- [Exercise inputs]
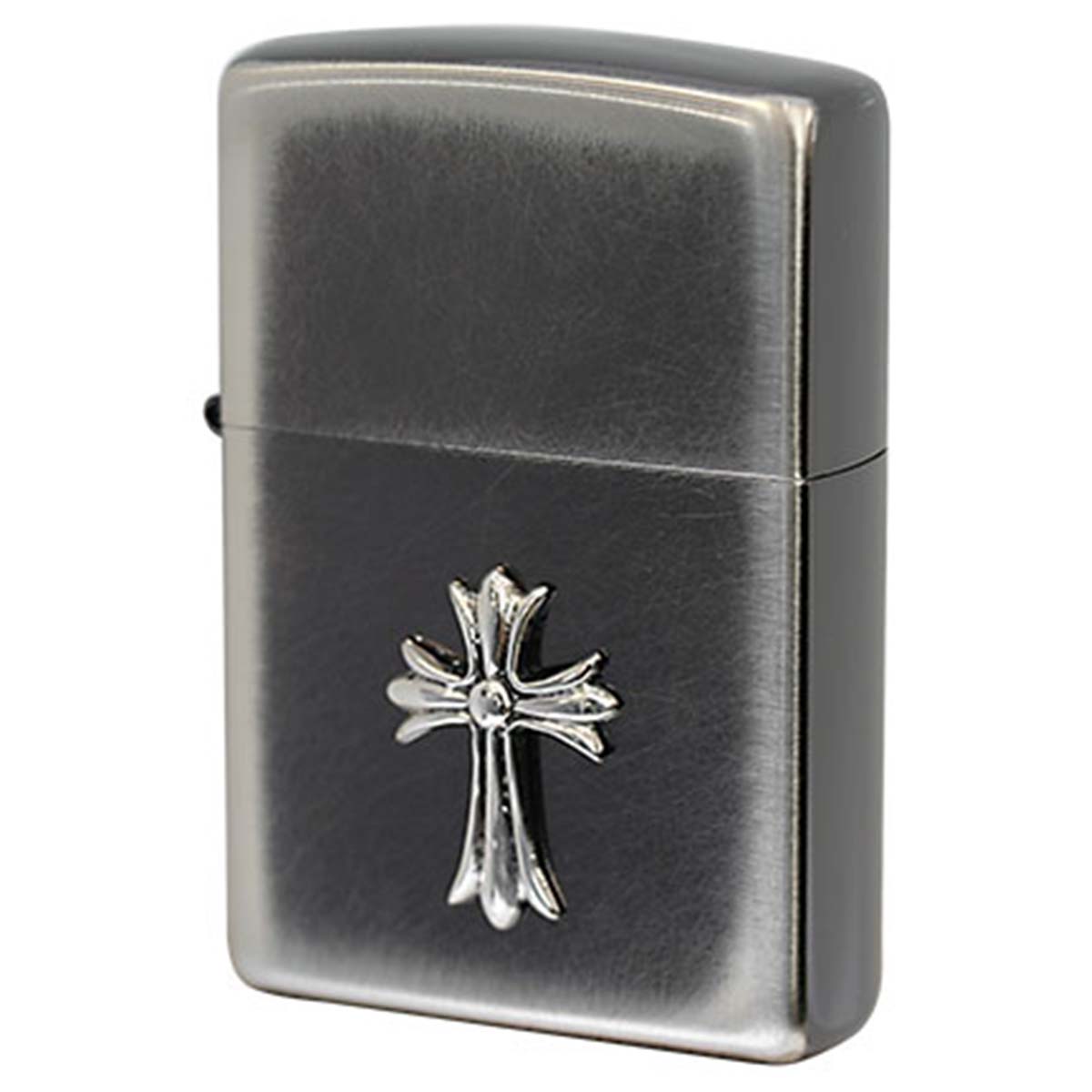 Zippo ジッポー クロス 十字架 Cross ユーズドメタル スピニングブラッシュ ニッケルメッキ NiB クロス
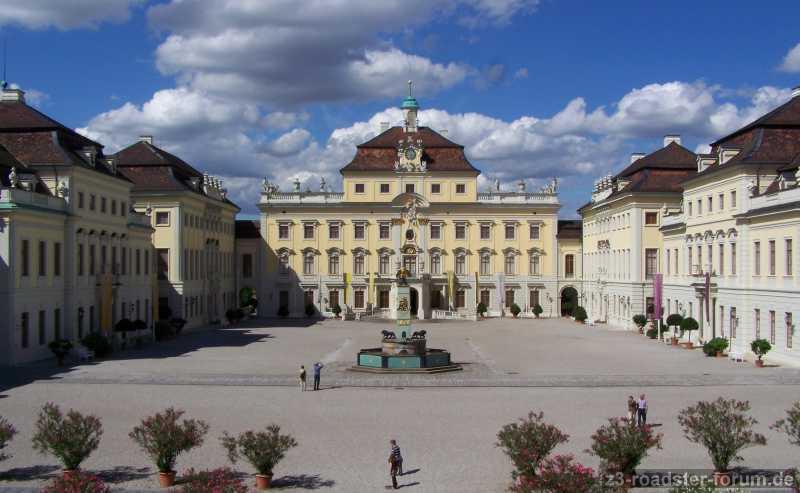 Innenhof Schloss Ludwigsburg
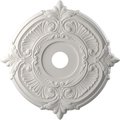 Ekena Millwork Attica PVC Ceiling Medallion (Fits Canopies up to 7 3/4"), 22"OD x 3 1/2"ID x 1"P CMP22ATGBW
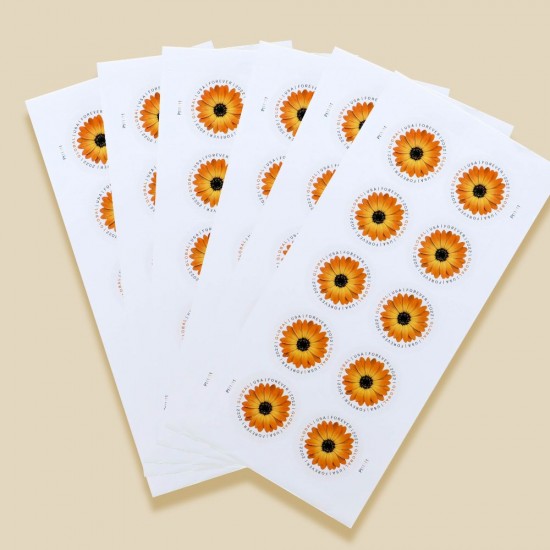 100 pcs -2022 US Global African Daisy Forever Stamps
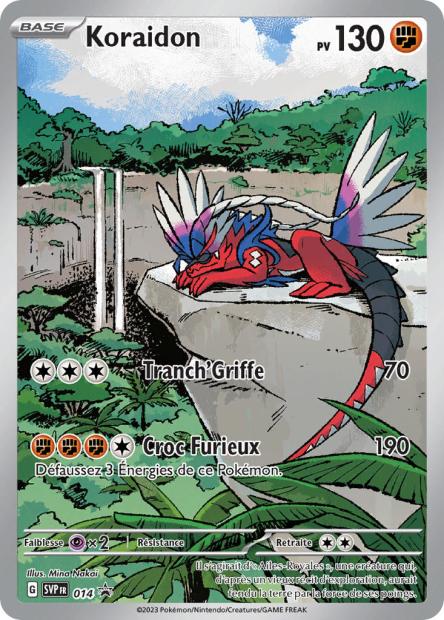 Carte Pokémon Koraidon SVP014 SV Promo SV SVP Neuf FR LorenZone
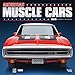 American Muscle Cars 2018 12 x 12 Inch Monthly Square Wall Calendar with Foil Stamped Cover, USA Motor Ford Chevrolet Chrysler Oldsmobile Pontiac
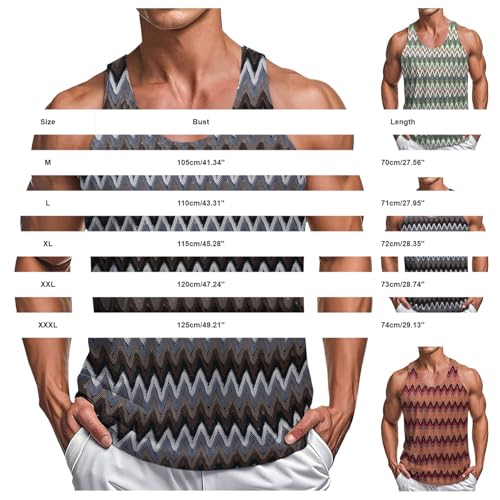 Chalecos para hombre cómodos y transpirables con paneles de contraste 2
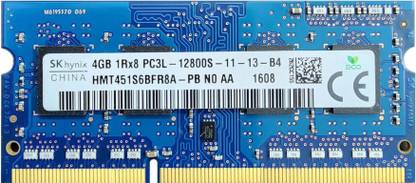 PreSolve 4GB DDR3 4 GB (Single Channel) Laptop SODIMM (4GB PC3L Laptop RAM)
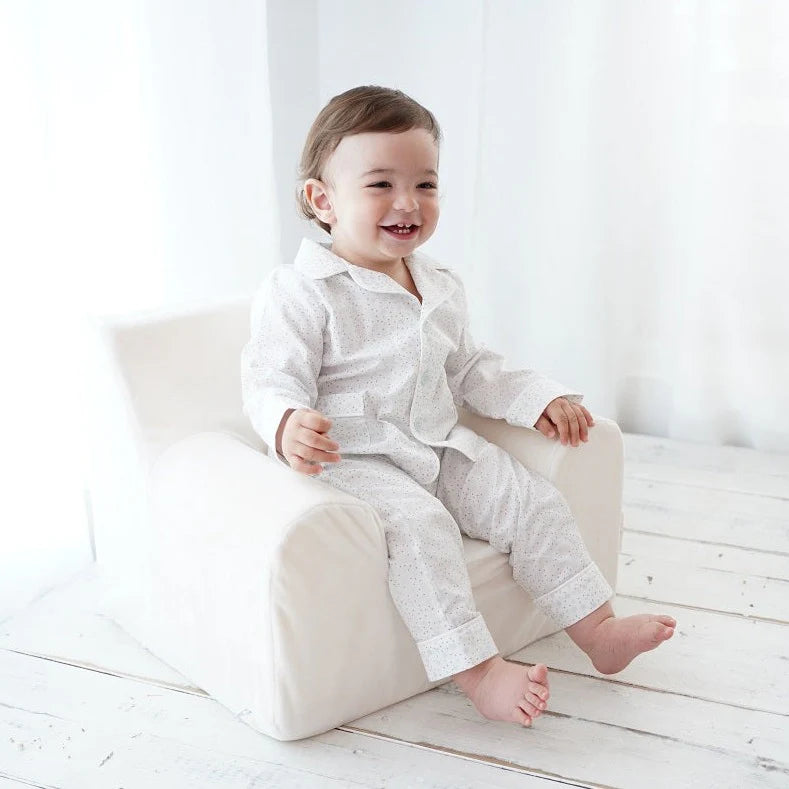 Fotoliu pentru copii Mentă, din catifea - Twindeco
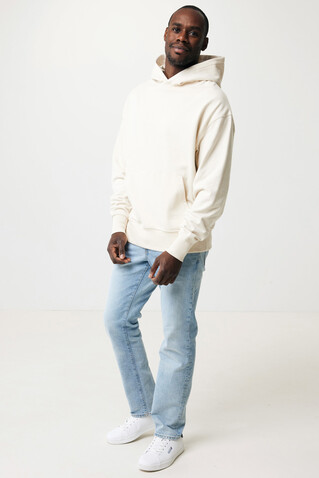 IQONIQ Rila Lightweight Hoodie aus recycelter Baumwolle natural raw bedrucken, Art.-Nr. T9404.018.5XL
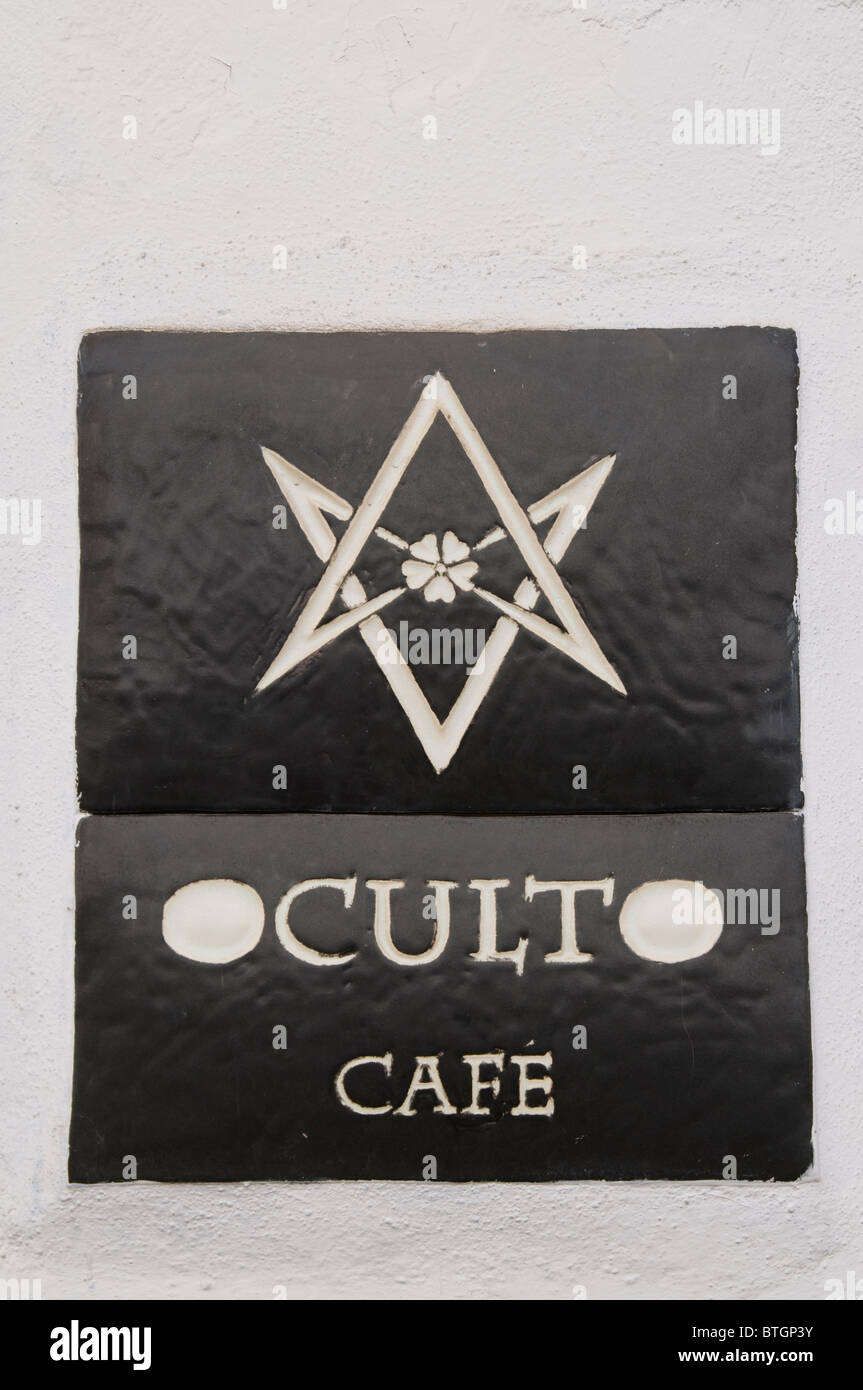 Cordoba Spanien Andalusien Kult Cafe Magic Bar Pub Stockfoto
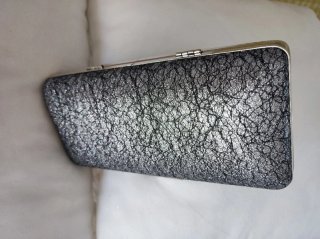 Bolso de fiesta plateado y negro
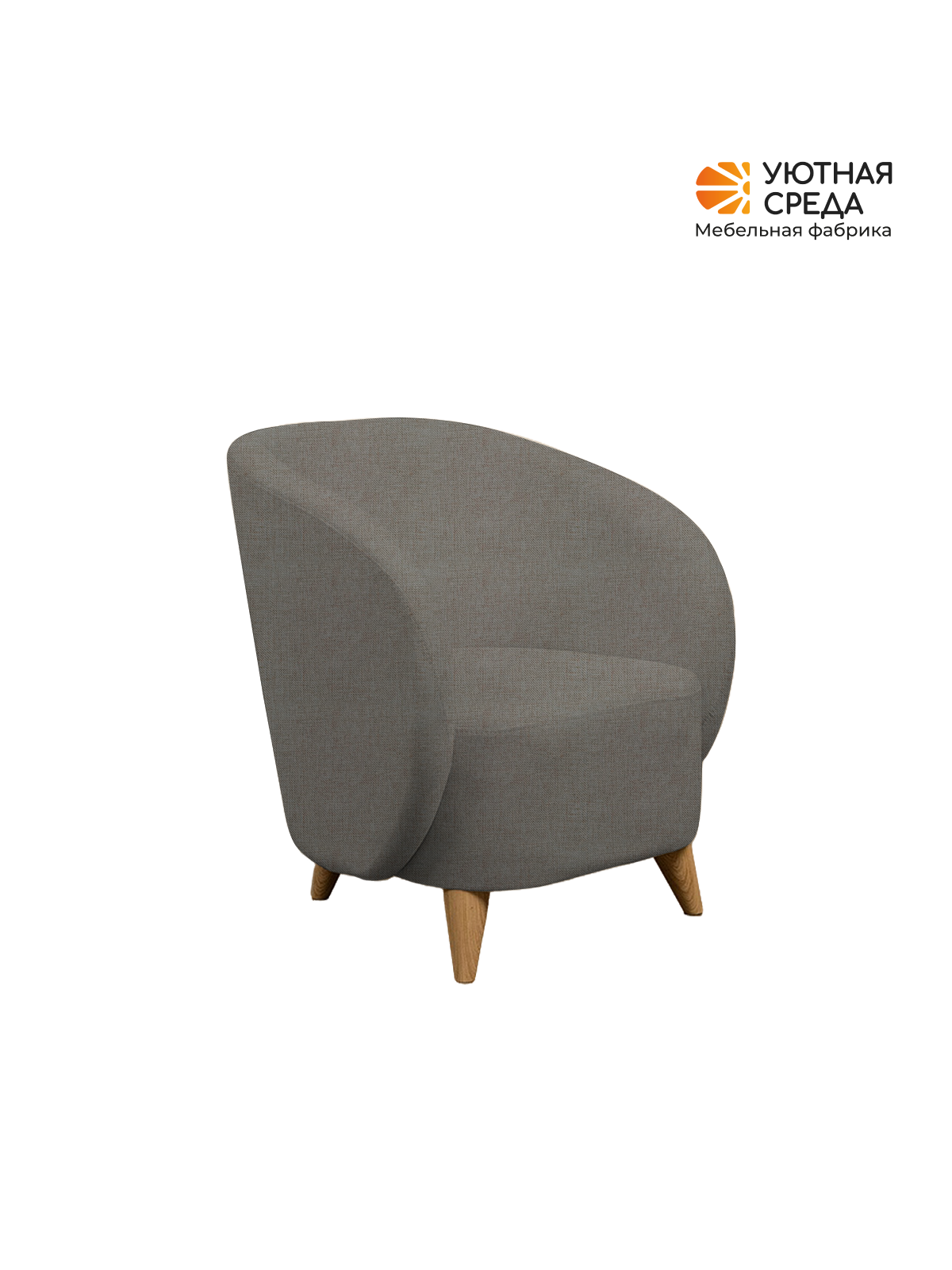 Кресло Уютная среда К300 черный - фото 16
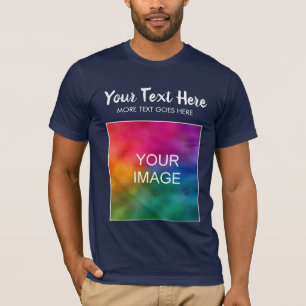 カスタムアップロード画像ロゴテキスト メンズ ベラ キャンバス Tシャツ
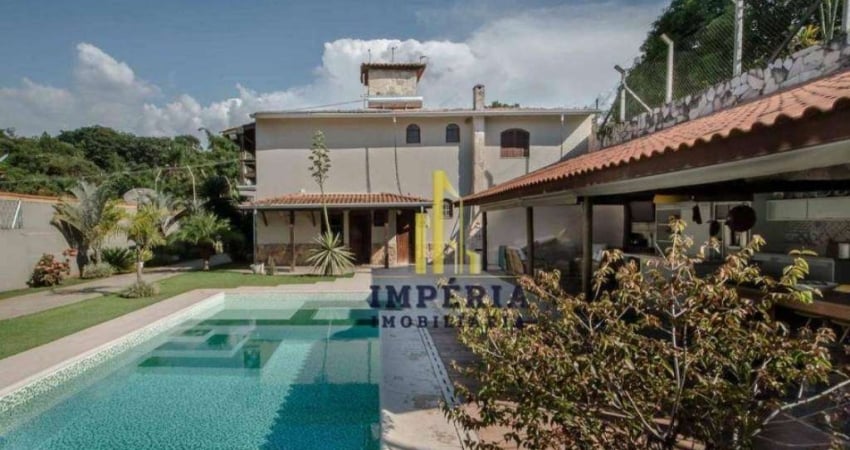 Casa com 3 dormitórios, 500 m² - venda por R$ 2.500.000,00 ou aluguel por R$ 7.500,00/mês - Abadia - Louveira/SP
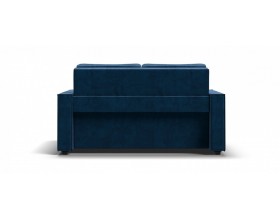 Норд двухместный диван Велюр Монолит синий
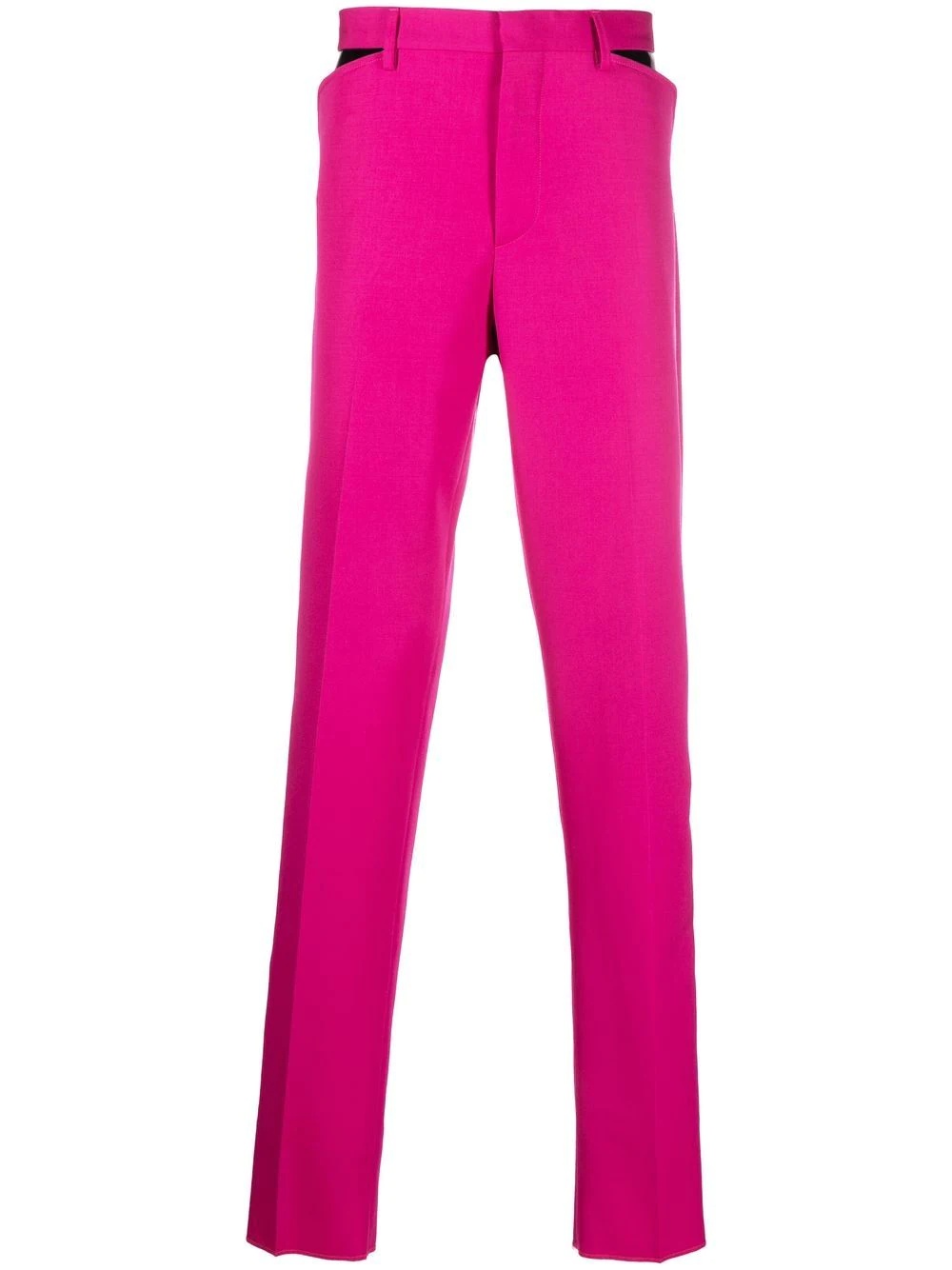 mid-rise straight-leg trousers - 1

- [What this task involves]
The answer must be the exact lines from the line with "Chalecos para hombre" to the final line of the data, both ends included, with no pictures.

- [Output below]
 Chalecos para hombre cómodos y transpirables con paneles de contraste 2
 PreSolve 4GB DDR3 4 GB (Single Channel) Laptop SODIMM (4GB PC3L Laptop RAM)
 Fotoliu pentru copii Mentă, din catifea - Twindeco
 IQONIQ Rila Lightweight Hoodie aus recycelter Baumwolle natural raw bedrucken, Art.-Nr. T9404.018.5XL
 Cordoba Spanien Andalusien Kult Cafe Magic Bar Pub Stockfoto
 Bolso de fiesta plateado y negro
 Кресло Уютная среда К300 черный - фото 16
 カスタムアップロード画像ロゴテキスト メンズ ベラ キャンバス Tシャツ
 Casa com 3 dormitórios, 500 m² - venda por R$ 2.500.000,00 ou aluguel por R$ 7.500,00/mês - Abadia - Louveira/SP
 Норд двухместный диван Велюр Монолит синий
 mid-rise straight-leg trousers - 1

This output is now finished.